Given the entries below, copy each of them out exactly.

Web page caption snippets
◆ ◆ ◆ ◆ ◆
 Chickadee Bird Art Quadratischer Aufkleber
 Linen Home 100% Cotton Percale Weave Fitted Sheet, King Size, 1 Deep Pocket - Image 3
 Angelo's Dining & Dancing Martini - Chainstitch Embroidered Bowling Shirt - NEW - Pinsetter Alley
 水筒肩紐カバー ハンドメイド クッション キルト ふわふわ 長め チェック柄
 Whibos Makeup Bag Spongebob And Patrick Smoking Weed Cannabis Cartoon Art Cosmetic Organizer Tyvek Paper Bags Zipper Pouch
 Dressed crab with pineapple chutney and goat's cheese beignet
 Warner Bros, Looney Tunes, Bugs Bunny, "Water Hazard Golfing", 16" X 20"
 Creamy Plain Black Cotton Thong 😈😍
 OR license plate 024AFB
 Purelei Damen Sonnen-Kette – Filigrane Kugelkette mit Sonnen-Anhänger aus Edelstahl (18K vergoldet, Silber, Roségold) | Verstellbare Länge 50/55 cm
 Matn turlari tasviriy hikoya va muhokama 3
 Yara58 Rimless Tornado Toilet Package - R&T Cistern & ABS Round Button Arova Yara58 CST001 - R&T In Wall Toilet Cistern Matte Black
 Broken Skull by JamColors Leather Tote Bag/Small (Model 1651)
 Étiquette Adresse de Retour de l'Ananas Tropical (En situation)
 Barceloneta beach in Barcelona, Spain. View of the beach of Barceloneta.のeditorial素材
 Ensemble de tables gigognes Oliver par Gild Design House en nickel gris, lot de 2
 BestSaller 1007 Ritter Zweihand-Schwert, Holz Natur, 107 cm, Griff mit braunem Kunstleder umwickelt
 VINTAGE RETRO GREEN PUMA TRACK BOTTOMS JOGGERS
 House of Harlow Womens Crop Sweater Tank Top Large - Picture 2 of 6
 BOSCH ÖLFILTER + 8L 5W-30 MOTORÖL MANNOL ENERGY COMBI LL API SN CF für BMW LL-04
◆ ◆ ◆ ◆ ◆
> **Exercise output**:
 Chickadee Bird Art Quadratischer Aufkleber
 Linen Home 100% Cotton Percale Weave Fitted Sheet, King Size, 1 Deep Pocket - Image 3
 Angelo's Dining & Dancing Martini - Chainstitch Embroidered Bowling Shirt - NEW - Pinsetter Alley
 水筒肩紐カバー ハンドメイド クッション キルト ふわふわ 長め チェック柄
 Whibos Makeup Bag Spongebob And Patrick Smoking Weed Cannabis Cartoon Art Cosmetic Organizer Tyvek Paper Bags Zipper Pouch
 Dressed crab with pineapple chutney and goat's cheese beignet
 Warner Bros, Looney Tunes, Bugs Bunny, "Water Hazard Golfing", 16" X 20"
 Creamy Plain Black Cotton Thong 😈😍
 OR license plate 024AFB
 Purelei Damen Sonnen-Kette – Filigrane Kugelkette mit Sonnen-Anhänger aus Edelstahl (18K vergoldet, Silber, Roségold) | Verstellbare Länge 50/55 cm
 Matn turlari tasviriy hikoya va muhokama 3
 Yara58 Rimless Tornado Toilet Package - R&T Cistern & ABS Round Button Arova Yara58 CST001 - R&T In Wall Toilet Cistern Matte Black
 Broken Skull by JamColors Leather Tote Bag/Small (Model 1651)
 Étiquette Adresse de Retour de l'Ananas Tropical (En situation)
 Barceloneta beach in Barcelona, Spain. View of the beach of Barceloneta.のeditorial素材
 Ensemble de tables gigognes Oliver par Gild Design House en nickel gris, lot de 2
 BestSaller 1007 Ritter Zweihand-Schwert, Holz Natur, 107 cm, Griff mit braunem Kunstleder umwickelt
 VINTAGE RETRO GREEN PUMA TRACK BOTTOMS JOGGERS
 House of Harlow Womens Crop Sweater Tank Top Large - Picture 2 of 6
 BOSCH ÖLFILTER + 8L 5W-30 MOTORÖL MANNOL ENERGY COMBI LL API SN CF für BMW LL-04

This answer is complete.